Labor Day is stupid.

A national celebration of Big Labor. Big Labor slows down economic innovation. It holds people and companies back. In a modern society, big labor unions really have no place. Big Labor pollutes our politics. It’s central planning. Some have proposed a Creator’s Day. Big massive companies can do the same thing as unions. Think ATT and Comcast want to see a lot of innovation in broadband? Think again. Instead of calling today Labor Day, I’d call it Innovators Day.

Despite unions and corporations that lobby to regulate the crap out of us, America is the most innovative society on the planet. No organized society in human history has been as creative as America. Ever. The most disruptive industrial discoveries, science discoveries, and even, yes, even innovations in capital markets were all imagined and perfected in America.

But lately, our society doesn’t hold up the innovators. It tries to tear them down.

Innovators take risk. If they are successful, they are remunerated for taking that risk. They get rich. If you ask most of them, they didn’t do it for the money. The money was a byproduct of what they did. Most of the time, they tried to solve a problem. If they did it elegantly and executed the business properly, a large market rewarded them with big cash. What they do with that cash is their business, not ours.

All innovation isn’t necessarily groundbreaking. Home Depot ($HD) was innovative. But there were competitors like Home Depot that failed. Home Depot is just a big mom and pop hardware store. It exploited a niche market. The execution of the business on the scale they did it was groundbreaking and lead to similar innovation in other niche markets.

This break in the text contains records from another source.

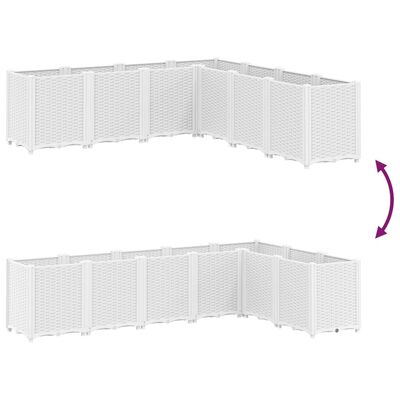 vidaXL Garden Planter White 160x160x53 cm PP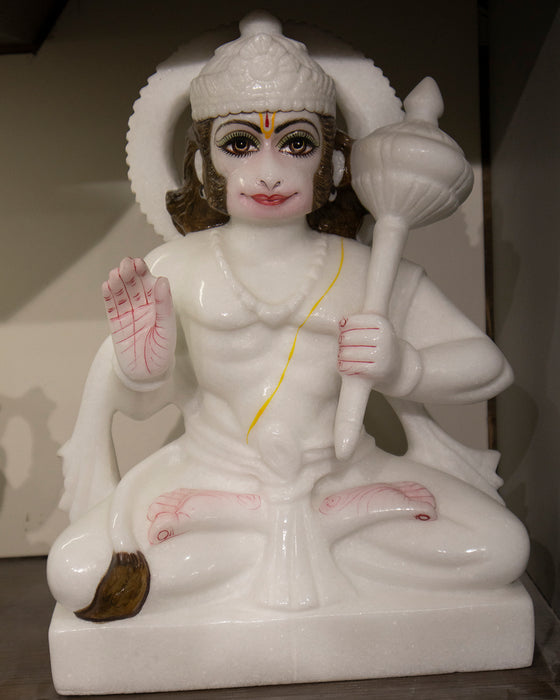Lord Hanuman, 12 Inch, White Marble Statue - Handicraft Bazaar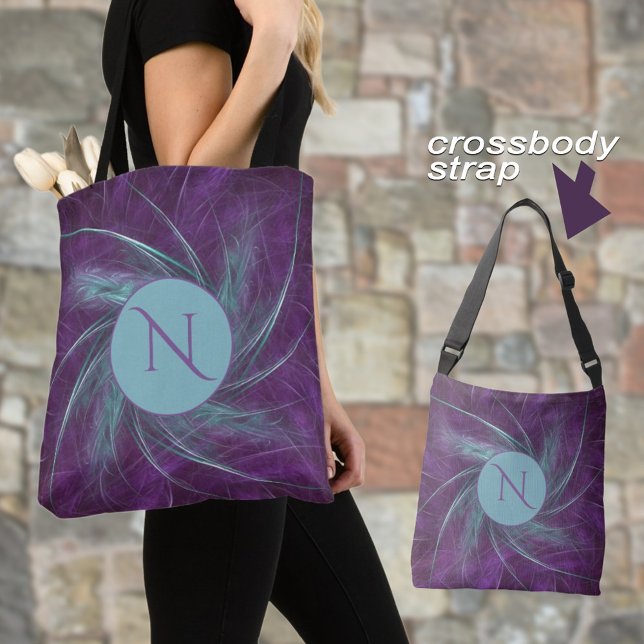 Elegant Monogram Abstrakt Spiral Lila Teal Tygkasse (Personalize the initial and it will appear on both sides of the bag. Make it for yourself or a gift.)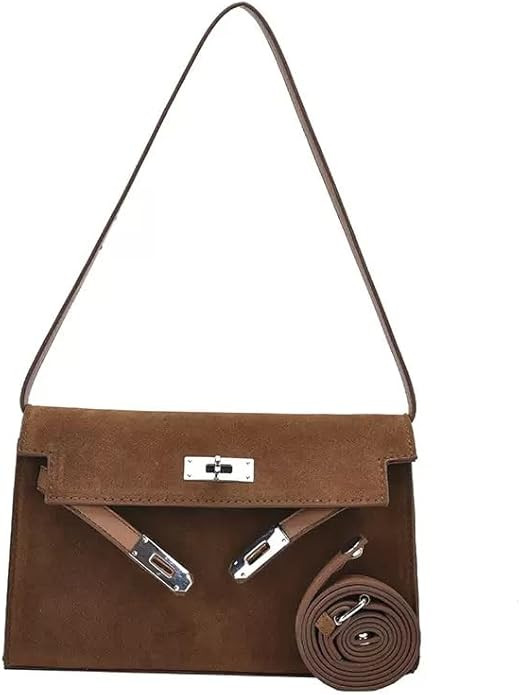 Suede Shoulder Bag, Crossbody Style with Flap and Buckle Closure | Amazon (US)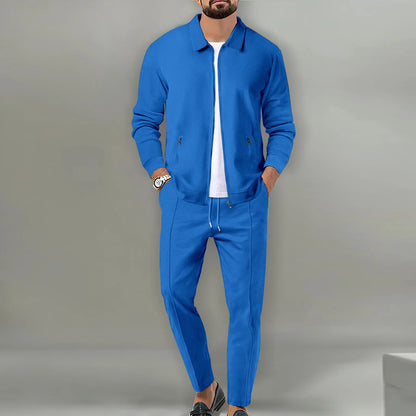 Set Autumnwinter men's casual blazer set new fashion Waffle baseball suit round neck pocket zipper long sleeve trousers two-piece se - Ellianto fashion Men's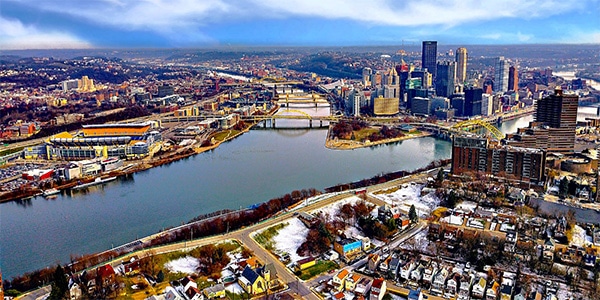 aerial view of Pittsburgh, Pennsylvania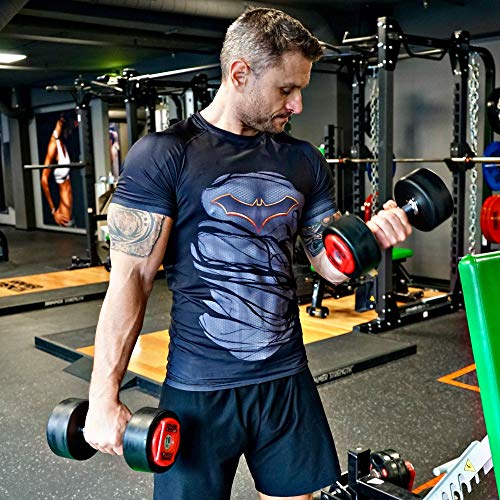 Khroom-Kompressionsshirt-Herren-Kurzarm-atmungsaktiv-im-Helden-Design-Compression-Shirt-Funktionsshirt-Unterziehshirt-Funktionsunterhemd-fuer-Fitness-Gym-Joggen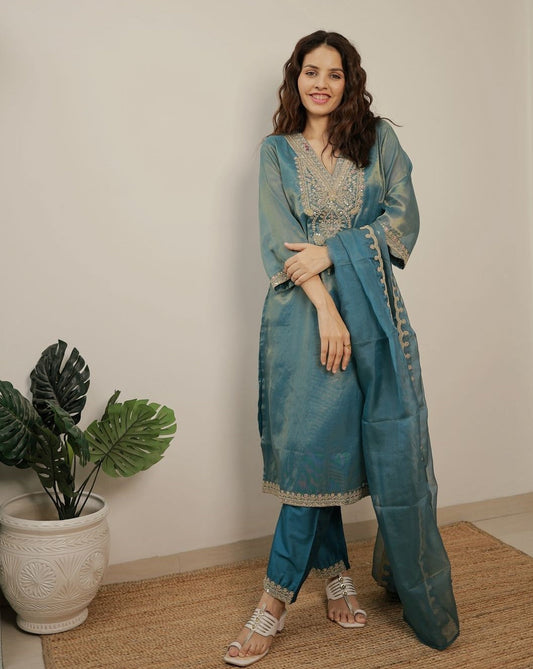 Indo Era Blue Embroidered Straight Kurta Trousers With Dupatta set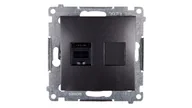 Gniazdka elektryczne - Kontakt Simon Simon 54 Gniazdo komputerowe pojedyncze RJ45 kat.6 z przesłoną antracyt D61.01/48 WMDK-0610xx-048 0001-00000-51070 [4351602] - miniaturka - grafika 1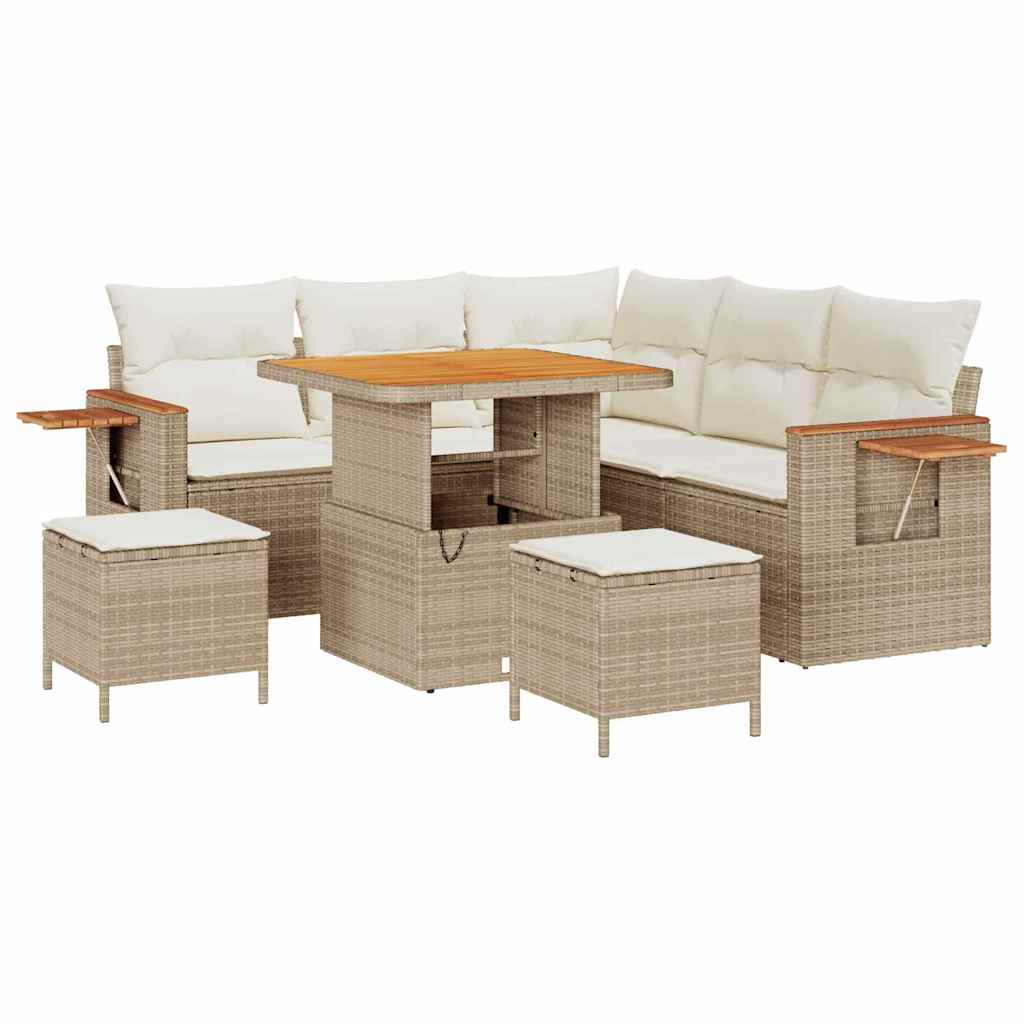 Havesofa Sæt med pude med opbevaring 8 pcs Beige Poly rattan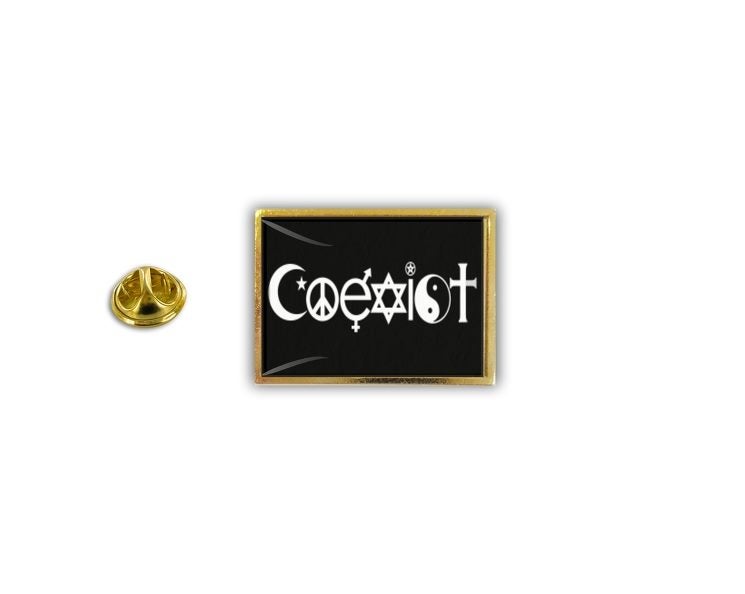 pins pin's flag national badge metal lapel hat button vest coexist rainbow Carousel 1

Some of the first big internet companies weren’t necessarily mind blowing intricate technical ideas. Amazon ($AMZN) started as a book store. Now it’s into everything. It just took the brick and mortar storefront and put it online. That’s not massive innovation, but it was certainly disruptive.

One could make a really long list of companies that were created through small steps in innovation. Those baby steps cause everyone to be really productive in some way and create huge value for all of us. We ought to be holding parades for innovators every year. Instead, forces try to crush them through emotions like envy.

There isn’t one industry that can’t be made better through creative thinking and innovation. Farming has been with us for thousands of years, yet small family farms are becoming truly innovative and changing the way we look at and produce food.

The downside for people that try and innovate is there is a large element of risk. People fail. They lose money. As a society, we need to create support networks to lift these people up. There is no crime in failure. Heck, I do it all the time. If you don’t try, you can’t fail. But not trying doesn’t get you anywhere. So try. Try a lot. Learn from failing.

Many corporate cultures fear innovation too. So they stifle it. Instead of trying something they fear failure and the repercussions from shareholders. Or lawyers. Big companies that have a dominant position in the market generally lobby and try to write rules and regulations so other competitors can’t come in and take their business. The new US Patent Law might help them do that.

There is a lot of talk today about “first principles” in America. Getting back to first principles. The first principle of America is that it wouldn’t have existed with out a bunch of risk takers coming here and innovating what a modern society should look like. We ought to be celebrating that today.